[[ Material to process, beginning ]]
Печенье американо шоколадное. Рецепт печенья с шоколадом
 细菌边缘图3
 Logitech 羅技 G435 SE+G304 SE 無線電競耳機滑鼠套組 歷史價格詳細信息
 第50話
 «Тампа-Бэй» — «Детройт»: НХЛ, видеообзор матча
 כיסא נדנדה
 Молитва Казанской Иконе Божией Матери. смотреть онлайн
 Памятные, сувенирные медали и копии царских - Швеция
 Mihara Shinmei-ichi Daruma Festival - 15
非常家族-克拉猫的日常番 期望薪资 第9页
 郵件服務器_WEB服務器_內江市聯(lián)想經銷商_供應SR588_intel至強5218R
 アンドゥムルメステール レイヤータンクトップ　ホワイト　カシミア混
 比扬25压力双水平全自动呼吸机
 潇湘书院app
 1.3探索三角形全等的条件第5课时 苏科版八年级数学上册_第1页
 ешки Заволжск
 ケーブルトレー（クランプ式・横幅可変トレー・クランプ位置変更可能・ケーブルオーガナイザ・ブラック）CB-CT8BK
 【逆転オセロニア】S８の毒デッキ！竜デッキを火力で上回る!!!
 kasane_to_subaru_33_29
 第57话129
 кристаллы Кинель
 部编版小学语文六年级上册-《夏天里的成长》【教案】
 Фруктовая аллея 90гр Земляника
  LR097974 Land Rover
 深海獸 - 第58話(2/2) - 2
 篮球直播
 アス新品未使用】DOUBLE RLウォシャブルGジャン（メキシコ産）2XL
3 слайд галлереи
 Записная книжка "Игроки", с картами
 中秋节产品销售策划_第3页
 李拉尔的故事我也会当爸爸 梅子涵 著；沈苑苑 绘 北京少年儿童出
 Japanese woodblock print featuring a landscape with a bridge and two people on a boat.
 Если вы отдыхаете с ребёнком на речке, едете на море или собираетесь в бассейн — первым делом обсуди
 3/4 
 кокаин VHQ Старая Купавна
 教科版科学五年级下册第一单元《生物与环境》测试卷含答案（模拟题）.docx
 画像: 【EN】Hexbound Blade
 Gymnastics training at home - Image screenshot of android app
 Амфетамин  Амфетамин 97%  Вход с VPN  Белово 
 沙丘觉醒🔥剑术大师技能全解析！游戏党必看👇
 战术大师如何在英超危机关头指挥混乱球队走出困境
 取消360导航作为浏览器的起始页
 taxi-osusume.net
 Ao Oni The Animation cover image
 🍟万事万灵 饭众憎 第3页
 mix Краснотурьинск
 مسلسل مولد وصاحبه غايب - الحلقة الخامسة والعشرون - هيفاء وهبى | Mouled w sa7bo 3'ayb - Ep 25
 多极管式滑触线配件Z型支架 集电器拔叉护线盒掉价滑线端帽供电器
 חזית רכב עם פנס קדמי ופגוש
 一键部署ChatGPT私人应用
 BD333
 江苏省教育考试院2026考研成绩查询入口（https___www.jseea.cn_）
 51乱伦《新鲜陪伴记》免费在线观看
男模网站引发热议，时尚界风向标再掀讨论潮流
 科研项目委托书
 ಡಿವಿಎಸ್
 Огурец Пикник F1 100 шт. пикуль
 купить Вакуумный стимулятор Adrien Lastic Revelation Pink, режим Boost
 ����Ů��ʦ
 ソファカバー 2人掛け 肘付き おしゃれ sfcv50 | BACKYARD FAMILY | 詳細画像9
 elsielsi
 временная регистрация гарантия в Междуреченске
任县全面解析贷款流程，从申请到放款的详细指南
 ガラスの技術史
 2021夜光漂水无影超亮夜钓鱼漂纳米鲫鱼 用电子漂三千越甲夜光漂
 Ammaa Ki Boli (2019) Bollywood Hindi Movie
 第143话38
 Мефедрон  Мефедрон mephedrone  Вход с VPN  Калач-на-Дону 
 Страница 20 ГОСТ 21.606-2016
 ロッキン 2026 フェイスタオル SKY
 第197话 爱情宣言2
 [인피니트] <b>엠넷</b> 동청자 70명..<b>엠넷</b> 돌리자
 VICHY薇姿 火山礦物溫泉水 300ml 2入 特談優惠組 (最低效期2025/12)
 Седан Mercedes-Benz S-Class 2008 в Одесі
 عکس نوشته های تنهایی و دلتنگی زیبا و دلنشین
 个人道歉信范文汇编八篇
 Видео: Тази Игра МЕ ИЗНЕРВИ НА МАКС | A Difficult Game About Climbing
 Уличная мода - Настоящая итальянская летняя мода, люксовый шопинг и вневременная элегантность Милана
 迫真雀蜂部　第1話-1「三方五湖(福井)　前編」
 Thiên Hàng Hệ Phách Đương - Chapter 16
[[ Material to process, end ]]
There is one span to return: the line holding "عکس نوشته های تنهایی و دلتنگی زیبا و دلنشین" and every line after it through the end of the listing above; please give it exactly and add nothing.

 عکس نوشته های تنهایی و دلتنگی زیبا و دلنشین
 个人道歉信范文汇编八篇
 Видео: Тази Игра МЕ ИЗНЕРВИ НА МАКС | A Difficult Game About Climbing
 Уличная мода - Настоящая итальянская летняя мода, люксовый шопинг и вневременная элегантность Милана
 迫真雀蜂部　第1話-1「三方五湖(福井)　前編」
 Thiên Hàng Hệ Phách Đương - Chapter 16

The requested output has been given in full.